## TASK BRIEF
Could you copy every record below exactly as it stands?

## MATERIALS PROVIDED

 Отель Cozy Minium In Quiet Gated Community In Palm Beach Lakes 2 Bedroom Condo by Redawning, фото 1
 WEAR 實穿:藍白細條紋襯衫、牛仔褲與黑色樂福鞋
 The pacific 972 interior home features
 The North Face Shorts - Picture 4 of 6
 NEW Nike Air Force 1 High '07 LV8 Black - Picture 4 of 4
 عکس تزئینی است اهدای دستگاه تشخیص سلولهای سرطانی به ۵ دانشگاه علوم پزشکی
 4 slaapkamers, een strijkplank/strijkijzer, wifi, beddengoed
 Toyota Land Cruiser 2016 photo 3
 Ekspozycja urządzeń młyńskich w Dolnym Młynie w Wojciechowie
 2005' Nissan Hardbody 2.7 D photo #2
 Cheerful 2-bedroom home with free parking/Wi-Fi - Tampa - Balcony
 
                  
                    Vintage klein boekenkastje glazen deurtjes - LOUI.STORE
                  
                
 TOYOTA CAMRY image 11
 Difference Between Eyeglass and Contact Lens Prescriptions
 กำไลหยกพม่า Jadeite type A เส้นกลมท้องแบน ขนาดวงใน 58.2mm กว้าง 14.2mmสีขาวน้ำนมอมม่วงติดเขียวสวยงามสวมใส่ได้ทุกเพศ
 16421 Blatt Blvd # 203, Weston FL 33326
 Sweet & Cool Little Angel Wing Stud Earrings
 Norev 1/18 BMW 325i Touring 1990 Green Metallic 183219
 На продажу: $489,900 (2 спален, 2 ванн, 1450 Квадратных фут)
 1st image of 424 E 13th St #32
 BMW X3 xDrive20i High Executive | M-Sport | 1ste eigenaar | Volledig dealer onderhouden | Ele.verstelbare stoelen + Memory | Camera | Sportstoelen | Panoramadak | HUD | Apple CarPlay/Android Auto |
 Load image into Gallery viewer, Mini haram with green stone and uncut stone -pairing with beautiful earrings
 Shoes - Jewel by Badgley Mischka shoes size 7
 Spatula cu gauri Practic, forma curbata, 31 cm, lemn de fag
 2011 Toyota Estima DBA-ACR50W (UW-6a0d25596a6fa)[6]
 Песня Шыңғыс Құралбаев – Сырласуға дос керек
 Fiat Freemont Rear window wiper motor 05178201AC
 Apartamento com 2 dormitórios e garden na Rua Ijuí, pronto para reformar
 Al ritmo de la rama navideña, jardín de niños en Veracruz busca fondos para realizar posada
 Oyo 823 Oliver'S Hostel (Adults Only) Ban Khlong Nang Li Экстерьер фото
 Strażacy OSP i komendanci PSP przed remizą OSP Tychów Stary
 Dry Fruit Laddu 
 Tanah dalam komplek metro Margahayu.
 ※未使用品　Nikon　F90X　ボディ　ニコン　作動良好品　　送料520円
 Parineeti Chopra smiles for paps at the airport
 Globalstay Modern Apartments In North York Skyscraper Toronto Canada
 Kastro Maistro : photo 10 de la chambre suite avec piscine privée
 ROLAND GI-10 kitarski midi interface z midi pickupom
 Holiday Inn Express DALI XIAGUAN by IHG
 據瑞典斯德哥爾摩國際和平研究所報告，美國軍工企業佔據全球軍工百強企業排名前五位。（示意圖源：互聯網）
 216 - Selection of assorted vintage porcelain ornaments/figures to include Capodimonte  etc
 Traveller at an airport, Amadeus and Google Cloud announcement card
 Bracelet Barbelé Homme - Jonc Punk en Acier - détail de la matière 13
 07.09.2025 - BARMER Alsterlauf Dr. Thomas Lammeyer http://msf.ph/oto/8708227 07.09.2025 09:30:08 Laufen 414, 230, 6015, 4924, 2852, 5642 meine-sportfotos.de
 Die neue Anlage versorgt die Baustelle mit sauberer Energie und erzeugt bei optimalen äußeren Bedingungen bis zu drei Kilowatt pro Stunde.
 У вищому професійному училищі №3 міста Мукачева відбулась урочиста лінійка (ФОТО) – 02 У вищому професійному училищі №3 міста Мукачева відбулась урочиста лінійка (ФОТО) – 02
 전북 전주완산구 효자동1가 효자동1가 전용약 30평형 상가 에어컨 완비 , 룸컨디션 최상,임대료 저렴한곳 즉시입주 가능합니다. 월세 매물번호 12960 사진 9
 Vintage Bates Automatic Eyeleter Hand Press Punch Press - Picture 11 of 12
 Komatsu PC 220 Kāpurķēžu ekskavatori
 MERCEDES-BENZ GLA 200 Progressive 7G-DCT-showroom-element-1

## SOLUTION TO THIS EXERCISE
 Отель Cozy Minium In Quiet Gated Community In Palm Beach Lakes 2 Bedroom Condo by Redawning, фото 1
 WEAR 實穿:藍白細條紋襯衫、牛仔褲與黑色樂福鞋
 The pacific 972 interior home features
 The North Face Shorts - Picture 4 of 6
 NEW Nike Air Force 1 High '07 LV8 Black - Picture 4 of 4
 عکس تزئینی است اهدای دستگاه تشخیص سلولهای سرطانی به ۵ دانشگاه علوم پزشکی
 4 slaapkamers, een strijkplank/strijkijzer, wifi, beddengoed
 Toyota Land Cruiser 2016 photo 3
 Ekspozycja urządzeń młyńskich w Dolnym Młynie w Wojciechowie
 2005' Nissan Hardbody 2.7 D photo #2
 Cheerful 2-bedroom home with free parking/Wi-Fi - Tampa - Balcony
 
                  
                    Vintage klein boekenkastje glazen deurtjes - LOUI.STORE
                  
                
 TOYOTA CAMRY image 11
 Difference Between Eyeglass and Contact Lens Prescriptions
 กำไลหยกพม่า Jadeite type A เส้นกลมท้องแบน ขนาดวงใน 58.2mm กว้าง 14.2mmสีขาวน้ำนมอมม่วงติดเขียวสวยงามสวมใส่ได้ทุกเพศ
 16421 Blatt Blvd # 203, Weston FL 33326
 Sweet & Cool Little Angel Wing Stud Earrings
 Norev 1/18 BMW 325i Touring 1990 Green Metallic 183219
 На продажу: $489,900 (2 спален, 2 ванн, 1450 Квадратных фут)
 1st image of 424 E 13th St #32
 BMW X3 xDrive20i High Executive | M-Sport | 1ste eigenaar | Volledig dealer onderhouden | Ele.verstelbare stoelen + Memory | Camera | Sportstoelen | Panoramadak | HUD | Apple CarPlay/Android Auto |
 Load image into Gallery viewer, Mini haram with green stone and uncut stone -pairing with beautiful earrings
 Shoes - Jewel by Badgley Mischka shoes size 7
 Spatula cu gauri Practic, forma curbata, 31 cm, lemn de fag
 2011 Toyota Estima DBA-ACR50W (UW-6a0d25596a6fa)[6]
 Песня Шыңғыс Құралбаев – Сырласуға дос керек
 Fiat Freemont Rear window wiper motor 05178201AC
 Apartamento com 2 dormitórios e garden na Rua Ijuí, pronto para reformar
 Al ritmo de la rama navideña, jardín de niños en Veracruz busca fondos para realizar posada
 Oyo 823 Oliver'S Hostel (Adults Only) Ban Khlong Nang Li Экстерьер фото
 Strażacy OSP i komendanci PSP przed remizą OSP Tychów Stary
 Dry Fruit Laddu 
 Tanah dalam komplek metro Margahayu.
 ※未使用品　Nikon　F90X　ボディ　ニコン　作動良好品　　送料520円
 Parineeti Chopra smiles for paps at the airport
 Globalstay Modern Apartments In North York Skyscraper Toronto Canada
 Kastro Maistro : photo 10 de la chambre suite avec piscine privée
 ROLAND GI-10 kitarski midi interface z midi pickupom
 Holiday Inn Express DALI XIAGUAN by IHG
 據瑞典斯德哥爾摩國際和平研究所報告，美國軍工企業佔據全球軍工百強企業排名前五位。（示意圖源：互聯網）
 216 - Selection of assorted vintage porcelain ornaments/figures to include Capodimonte  etc
 Traveller at an airport, Amadeus and Google Cloud announcement card
 Bracelet Barbelé Homme - Jonc Punk en Acier - détail de la matière 13
 07.09.2025 - BARMER Alsterlauf Dr. Thomas Lammeyer http://msf.ph/oto/8708227 07.09.2025 09:30:08 Laufen 414, 230, 6015, 4924, 2852, 5642 meine-sportfotos.de
 Die neue Anlage versorgt die Baustelle mit sauberer Energie und erzeugt bei optimalen äußeren Bedingungen bis zu drei Kilowatt pro Stunde.
 У вищому професійному училищі №3 міста Мукачева відбулась урочиста лінійка (ФОТО) – 02 У вищому професійному училищі №3 міста Мукачева відбулась урочиста лінійка (ФОТО) – 02
 전북 전주완산구 효자동1가 효자동1가 전용약 30평형 상가 에어컨 완비 , 룸컨디션 최상,임대료 저렴한곳 즉시입주 가능합니다. 월세 매물번호 12960 사진 9
 Vintage Bates Automatic Eyeleter Hand Press Punch Press - Picture 11 of 12
 Komatsu PC 220 Kāpurķēžu ekskavatori
 MERCEDES-BENZ GLA 200 Progressive 7G-DCT-showroom-element-1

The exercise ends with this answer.